**What is expected:**
Repeat, please, exactly the lines from the one that has "So as of right" through the end of the records below, with pictures dropped.

= = = = = = =

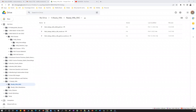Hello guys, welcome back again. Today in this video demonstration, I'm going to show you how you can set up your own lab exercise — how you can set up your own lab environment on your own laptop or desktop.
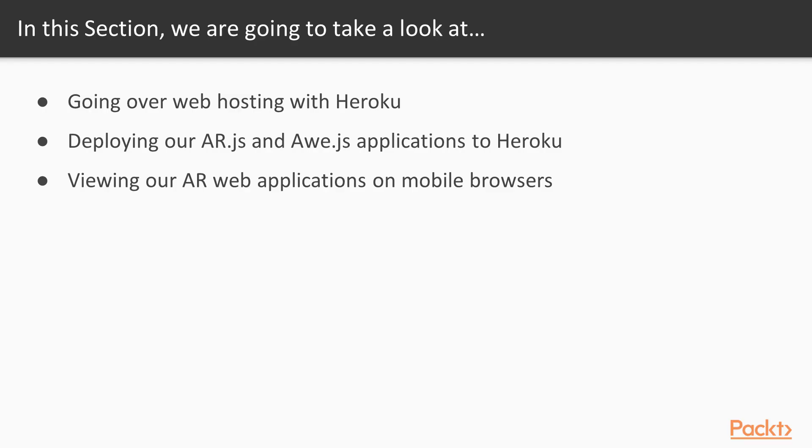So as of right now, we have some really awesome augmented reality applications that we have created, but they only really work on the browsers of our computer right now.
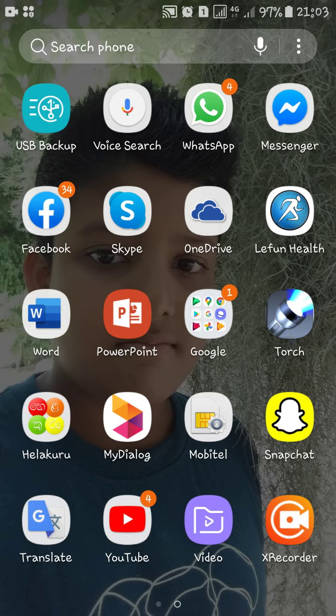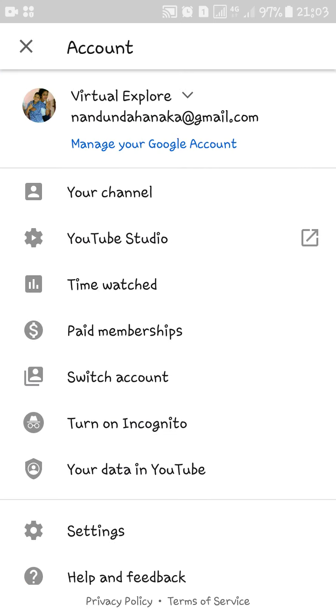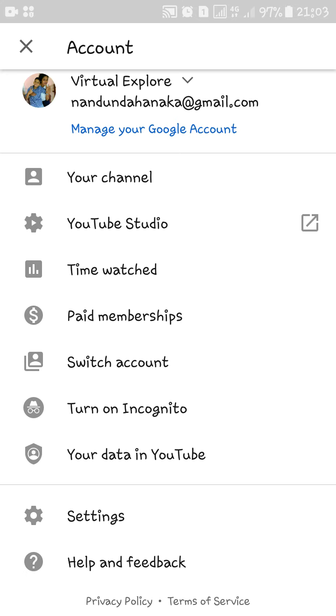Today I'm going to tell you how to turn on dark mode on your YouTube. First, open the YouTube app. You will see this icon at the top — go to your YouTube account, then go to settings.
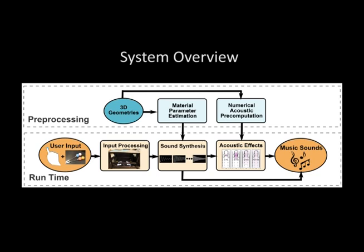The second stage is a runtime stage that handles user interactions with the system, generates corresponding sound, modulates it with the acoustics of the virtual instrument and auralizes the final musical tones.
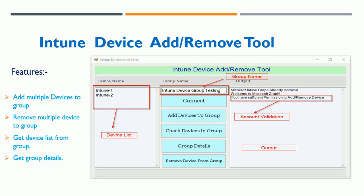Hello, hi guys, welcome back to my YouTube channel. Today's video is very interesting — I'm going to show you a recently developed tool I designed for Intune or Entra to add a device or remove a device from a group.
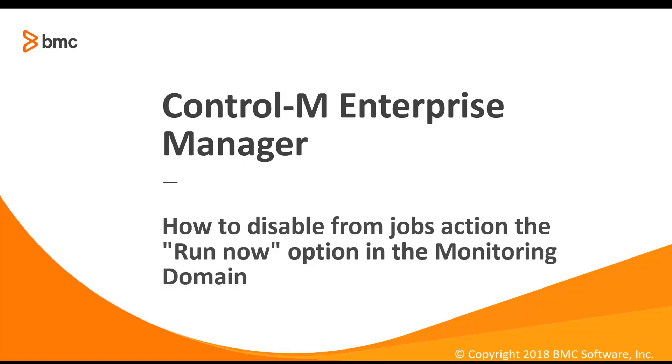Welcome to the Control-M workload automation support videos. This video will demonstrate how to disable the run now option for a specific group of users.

= = = = = = =

**Solution to this problem:**
So as of right now, we have some really awesome augmented reality applications that we have created, but they only really work on the browsers of our computer right now.
Today I'm going to tell you how to turn on dark mode on your YouTube. First, open the YouTube app. You will see this icon at the top — go to your YouTube account, then go to settings.
The second stage is a runtime stage that handles user interactions with the system, generates corresponding sound, modulates it with the acoustics of the virtual instrument and auralizes the final musical tones.
Hello, hi guys, welcome back to my YouTube channel. Today's video is very interesting — I'm going to show you a recently developed tool I designed for Intune or Entra to add a device or remove a device from a group.
Welcome to the Control-M workload automation support videos. This video will demonstrate how to disable the run now option for a specific group of users.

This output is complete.